### SUPPLIED MATERIAL ###

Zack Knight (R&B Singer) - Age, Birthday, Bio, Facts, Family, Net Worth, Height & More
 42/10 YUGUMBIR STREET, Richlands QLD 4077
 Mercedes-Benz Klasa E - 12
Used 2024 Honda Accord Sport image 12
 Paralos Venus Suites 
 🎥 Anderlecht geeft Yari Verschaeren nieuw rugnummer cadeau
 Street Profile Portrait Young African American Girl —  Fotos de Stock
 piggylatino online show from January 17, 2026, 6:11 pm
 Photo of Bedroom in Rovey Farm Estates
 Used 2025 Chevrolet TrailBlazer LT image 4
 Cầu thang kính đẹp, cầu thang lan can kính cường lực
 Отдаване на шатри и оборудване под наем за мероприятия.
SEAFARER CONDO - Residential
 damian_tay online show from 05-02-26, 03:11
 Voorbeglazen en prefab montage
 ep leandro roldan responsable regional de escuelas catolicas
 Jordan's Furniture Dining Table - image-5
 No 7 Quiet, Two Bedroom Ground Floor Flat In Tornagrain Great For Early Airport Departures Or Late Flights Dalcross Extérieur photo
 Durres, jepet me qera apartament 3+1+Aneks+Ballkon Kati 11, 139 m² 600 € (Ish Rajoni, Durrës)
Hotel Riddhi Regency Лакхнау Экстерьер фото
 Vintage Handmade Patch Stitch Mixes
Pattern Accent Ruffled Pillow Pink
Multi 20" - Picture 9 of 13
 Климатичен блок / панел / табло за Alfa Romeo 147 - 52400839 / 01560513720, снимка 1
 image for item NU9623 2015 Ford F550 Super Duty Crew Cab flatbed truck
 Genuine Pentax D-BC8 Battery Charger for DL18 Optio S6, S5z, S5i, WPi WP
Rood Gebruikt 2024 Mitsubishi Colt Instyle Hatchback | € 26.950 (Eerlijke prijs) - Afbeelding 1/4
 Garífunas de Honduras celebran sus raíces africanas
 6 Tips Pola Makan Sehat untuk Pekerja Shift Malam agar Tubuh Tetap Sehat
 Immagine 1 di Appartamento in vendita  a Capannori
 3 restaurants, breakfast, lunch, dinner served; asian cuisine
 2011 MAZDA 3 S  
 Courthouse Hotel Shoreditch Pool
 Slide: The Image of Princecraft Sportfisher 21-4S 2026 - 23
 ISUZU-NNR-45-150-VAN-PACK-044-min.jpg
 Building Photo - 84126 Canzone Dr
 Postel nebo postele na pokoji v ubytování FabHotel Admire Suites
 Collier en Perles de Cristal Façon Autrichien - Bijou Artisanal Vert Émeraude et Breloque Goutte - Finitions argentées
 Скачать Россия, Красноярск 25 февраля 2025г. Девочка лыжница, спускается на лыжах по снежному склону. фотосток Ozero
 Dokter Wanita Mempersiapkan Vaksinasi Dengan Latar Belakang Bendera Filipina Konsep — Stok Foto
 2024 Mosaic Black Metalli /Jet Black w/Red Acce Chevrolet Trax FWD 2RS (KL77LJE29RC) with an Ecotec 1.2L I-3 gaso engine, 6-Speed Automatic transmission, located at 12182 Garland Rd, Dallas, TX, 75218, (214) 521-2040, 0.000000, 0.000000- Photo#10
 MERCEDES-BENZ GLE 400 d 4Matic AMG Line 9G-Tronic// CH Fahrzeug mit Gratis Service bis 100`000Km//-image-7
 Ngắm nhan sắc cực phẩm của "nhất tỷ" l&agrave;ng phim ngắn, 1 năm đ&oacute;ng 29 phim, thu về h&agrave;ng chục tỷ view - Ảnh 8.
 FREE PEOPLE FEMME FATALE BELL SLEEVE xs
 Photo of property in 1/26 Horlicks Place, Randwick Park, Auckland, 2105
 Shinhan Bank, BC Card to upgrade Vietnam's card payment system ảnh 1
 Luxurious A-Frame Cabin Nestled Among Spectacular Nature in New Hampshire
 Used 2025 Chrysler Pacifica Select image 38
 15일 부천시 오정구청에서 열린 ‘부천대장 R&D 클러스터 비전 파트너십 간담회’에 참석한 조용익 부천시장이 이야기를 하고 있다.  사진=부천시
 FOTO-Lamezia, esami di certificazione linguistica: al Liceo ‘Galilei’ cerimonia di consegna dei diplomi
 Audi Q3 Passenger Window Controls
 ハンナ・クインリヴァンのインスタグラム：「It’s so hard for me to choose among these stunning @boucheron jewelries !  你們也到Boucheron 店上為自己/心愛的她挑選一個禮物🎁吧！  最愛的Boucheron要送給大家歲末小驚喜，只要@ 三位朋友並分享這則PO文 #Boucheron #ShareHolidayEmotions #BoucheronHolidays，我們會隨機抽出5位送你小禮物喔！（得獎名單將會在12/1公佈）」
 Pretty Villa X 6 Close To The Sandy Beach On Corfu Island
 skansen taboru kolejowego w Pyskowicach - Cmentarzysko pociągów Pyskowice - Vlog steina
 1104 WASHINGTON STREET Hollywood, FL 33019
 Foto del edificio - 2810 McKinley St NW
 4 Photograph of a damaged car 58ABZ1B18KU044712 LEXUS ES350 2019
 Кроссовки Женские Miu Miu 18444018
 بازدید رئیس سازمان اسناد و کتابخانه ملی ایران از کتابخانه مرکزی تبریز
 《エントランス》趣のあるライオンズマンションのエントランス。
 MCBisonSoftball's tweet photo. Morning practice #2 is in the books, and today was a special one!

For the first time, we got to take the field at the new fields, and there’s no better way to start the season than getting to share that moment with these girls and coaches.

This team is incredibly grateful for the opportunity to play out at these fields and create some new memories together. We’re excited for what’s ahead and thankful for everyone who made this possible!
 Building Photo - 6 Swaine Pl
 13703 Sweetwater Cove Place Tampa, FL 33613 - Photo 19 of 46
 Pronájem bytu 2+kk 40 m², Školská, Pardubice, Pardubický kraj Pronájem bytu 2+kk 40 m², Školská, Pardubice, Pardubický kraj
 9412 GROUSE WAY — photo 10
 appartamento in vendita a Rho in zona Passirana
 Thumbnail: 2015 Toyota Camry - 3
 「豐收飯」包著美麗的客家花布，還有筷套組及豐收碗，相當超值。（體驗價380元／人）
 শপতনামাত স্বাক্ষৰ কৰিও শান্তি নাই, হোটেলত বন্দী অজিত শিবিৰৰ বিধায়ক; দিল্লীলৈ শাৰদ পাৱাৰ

###

● REQUIREMENT
Where in the records does the string "show" appear? Copy every line that has it.

● WRITTEN SOLUTION
 piggylatino online show from January 17, 2026, 6:11 pm
 damian_tay online show from 05-02-26, 03:11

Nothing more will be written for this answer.